[Requirement]
Could the data below be copied exactly, minus the pictures?

[Provided data]

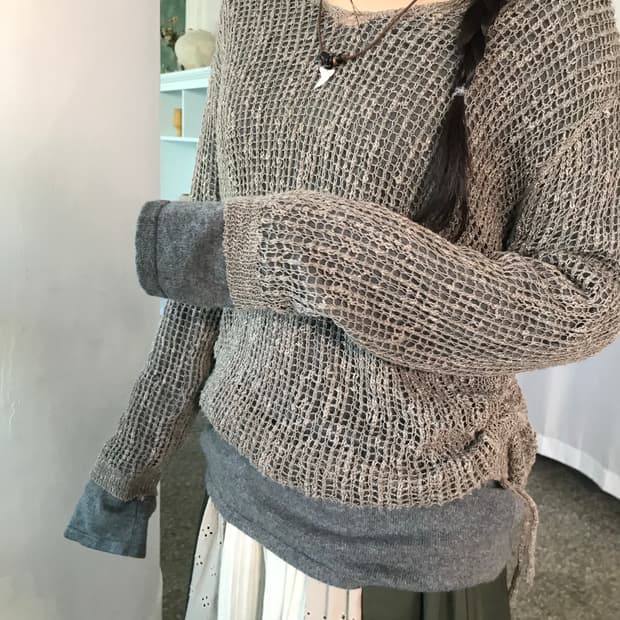 스트링 디테일 레이어링 니트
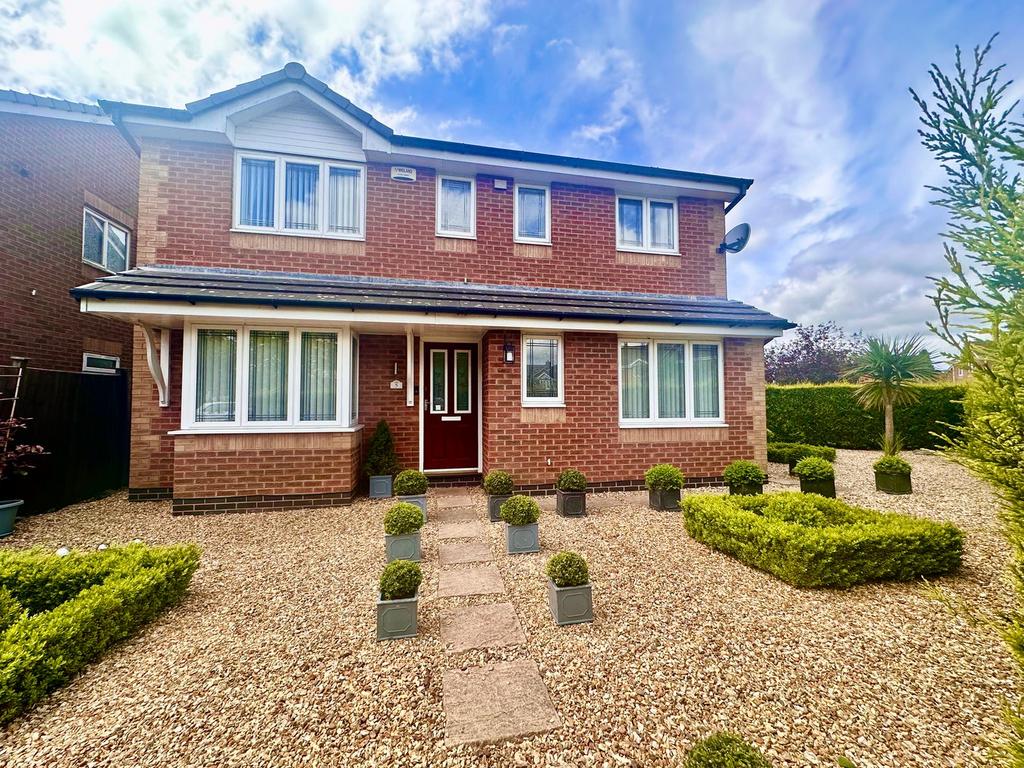Kemp Road, Coalville, LE67 4 bed detached house for sale £300,000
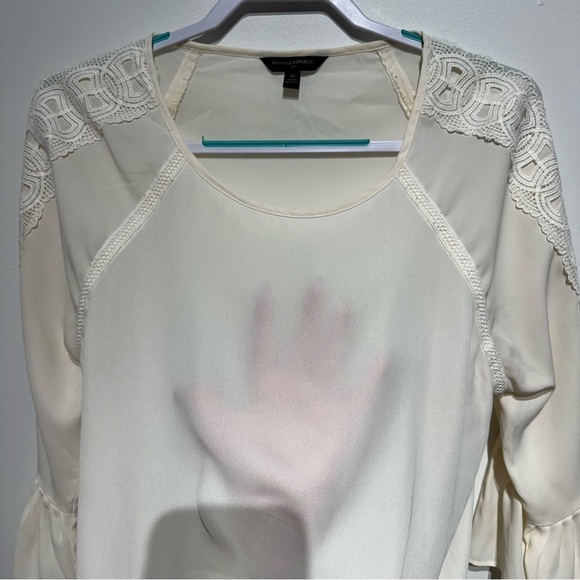 Banana Republic Factory Cream 3/4 Sleeve Lace Detail Blouse. Size Medium - Picture 6 of 8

[Response area]
 스트링 디테일 레이어링 니트
Kemp Road, Coalville, LE67 4 bed detached house for sale £300,000
 Banana Republic Factory Cream 3/4 Sleeve Lace Detail Blouse. Size Medium - Picture 6 of 8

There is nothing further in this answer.